Distractibility is one of my biggest weaknesses. Selfishness is my second. Left unchecked, these character flaws hinder my relationships and has hurt those I love. I’d give examples, but I think we all know how it feels to be engaged in a conversation with someone and have the “listener” mentally check out, or tune us out.
It’s really hard to maintain a relationship based on one-way conversations.
A few months ago, after being on the receiving end of conversation-distraction, I started mentally fuming. About halfway through my internal rant, God pricked my spirit with a gentle yet clear reminder of how many times I’d done the same to Him. Of how many times I’ve either ignored His soft voice or checked out in the middle of prayer.
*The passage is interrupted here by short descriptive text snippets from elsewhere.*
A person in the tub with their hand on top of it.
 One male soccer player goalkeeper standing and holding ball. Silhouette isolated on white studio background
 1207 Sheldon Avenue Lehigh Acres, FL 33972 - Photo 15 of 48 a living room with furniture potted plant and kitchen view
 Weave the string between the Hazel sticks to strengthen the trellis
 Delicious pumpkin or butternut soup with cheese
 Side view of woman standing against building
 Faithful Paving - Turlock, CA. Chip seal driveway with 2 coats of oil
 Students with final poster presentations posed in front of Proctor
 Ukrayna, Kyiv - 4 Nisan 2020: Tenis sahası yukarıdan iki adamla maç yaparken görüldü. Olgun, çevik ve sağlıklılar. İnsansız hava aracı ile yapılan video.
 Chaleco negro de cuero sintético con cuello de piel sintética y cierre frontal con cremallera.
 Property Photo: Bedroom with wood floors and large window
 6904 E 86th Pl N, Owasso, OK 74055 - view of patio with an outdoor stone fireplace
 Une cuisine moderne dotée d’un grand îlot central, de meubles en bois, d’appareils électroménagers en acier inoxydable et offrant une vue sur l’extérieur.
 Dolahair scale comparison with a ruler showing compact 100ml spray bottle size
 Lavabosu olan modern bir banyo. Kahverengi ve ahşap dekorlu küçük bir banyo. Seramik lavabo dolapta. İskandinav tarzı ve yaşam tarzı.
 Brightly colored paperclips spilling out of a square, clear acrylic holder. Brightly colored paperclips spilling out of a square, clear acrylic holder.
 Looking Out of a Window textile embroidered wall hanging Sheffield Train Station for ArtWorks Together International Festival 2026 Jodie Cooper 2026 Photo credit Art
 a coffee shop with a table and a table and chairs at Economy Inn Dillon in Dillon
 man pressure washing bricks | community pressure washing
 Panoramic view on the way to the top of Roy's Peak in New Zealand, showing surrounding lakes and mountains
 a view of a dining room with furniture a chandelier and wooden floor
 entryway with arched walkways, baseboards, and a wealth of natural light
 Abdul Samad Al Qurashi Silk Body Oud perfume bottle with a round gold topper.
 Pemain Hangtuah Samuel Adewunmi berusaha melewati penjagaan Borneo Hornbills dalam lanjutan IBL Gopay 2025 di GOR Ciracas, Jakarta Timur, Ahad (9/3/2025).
Then there have been times when I heard Him but acted as if I hadn’t. Especially if He was calling me to do something frightening or difficult.
That was how I responded when I first sensed the call to write. God had made Himself incredibly clear–He wanted me to write, full time, for Him. With no guarantee of publication. For all I knew, every word I typed could remain, forever, locked within my keyboard.
But that wasn’t what bothered me most. What made me queasy was the realization that should God expand my reach, readers would potentially learn of my shameful past.
So I told God no.
Not outright. I wasn’t that … openly rebellious. Rather, I pretended not to hear. I asked for clarification, then confirmation, then more clarification.
But I knew what God wanted, and Scripture says, “Remember, it is sin to know what you ought to do and then not do it” (James 4:17).
“That is why the Holy Spirit says, ‘Today when you hear His voice, do not harden your hearts as Israel did when they rebelled, when they tested Me in the wilderness'” (Hebrews 3:7-8).
I experienced divine silence for about a year, until one day, I’d had enough. I knew, regardless of what lay ahead, I couldn’t live without experiencing God’s daily presence.
I can’t imagine what it felt like for the Israelites to endure 400 years of divine silence. By the time John the Baptist came on the scene, everyone was anxiously awaiting the prophet who would foretell the coming of the Savior. That was John’s role–to proclaim the arrival of Christ and help prepare people’s hearts to receive Him.
As Isaiah, an Old Testament prophet said, speaking of John, “He is a voice shouting in the wilderness, ‘Prepare the way for the Lord’s coming! Clear the road for Him! The valleys will be filled, and the mountains and hills made level. The curves will be straightened, and the rough places made smooth'” (Luke 3:4b-5 NLT).
In this passage, Isaiah is making an analogy for how John would “prepare the way” for the coming Lord by helping remove the obstacles, such as sin and hard-heartedness, that could keep the people of Israel from receiving God’s salvation message.
Each day, countless roadblocks distract me and dull my hearing. Therefore, I need to regularly quiet my thoughts and my heart so that I can rest in God’s presence and hear, truly hear, what He’s wanting to say.
What about you? What are your typical “hearing road blocks” and what are some ways you counter them? Consider this statement: The more we respond to God’s voice, the better we’re able to hear Him. The more we ignore His voice, the more dulled our hearing becomes. Do you agree or disagree, and why?